Raphaël Glucksmann, lui, assume une autre ligne. Il dit être “totalement impliqué” dans 2027, mais il récuse l’idée d’une primaire et veut un rassemblement de la gauche sans LFI, autour d’un “cap clair” puis ouvert aux socialistes, aux humanistes et aux écologistes qui le souhaitent. De son côté, Manuel Bompard ferme la porte à une primaire de la gauche. Cela veut dire que la coalition la plus large reste aussi la plus difficile à faire exister.
Ce désaccord ne profite pas seulement aux appareils. Il profite aussi aux adversaires de la gauche. Tant que les familles progressistes discutent de la méthode, elles parlent moins du fond aux classes populaires, aux habitants des périphéries et aux électeurs abstentionnistes. Et dans une présidentielle, ce retard se paie vite. Une dynamique de division peut nourrir l’idée que la gauche est bonne pour protester, mais pas pour gouverner.

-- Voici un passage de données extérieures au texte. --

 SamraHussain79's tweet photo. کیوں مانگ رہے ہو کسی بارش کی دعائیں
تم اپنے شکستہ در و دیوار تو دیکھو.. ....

Ce qu’il faut surveiller maintenant
Le prochain test sera très concret : la capacité du texte à dépasser le cercle des signataires et à devenir une vraie table de négociation. Il faudra aussi regarder si le “socle” programmatique proposé par Marine Tondelier s’élargit à d’autres forces, et si les socialistes parviennent à trancher leur débat interne sur la primaire unitaire. À court terme, la gauche joue donc sur deux horloges : celle du programme, et celle des candidatures. Si les deux ne s’alignent pas, le risque est simple à lire : une nouvelle dispersion au premier tour, et un boulevard laissé au RN.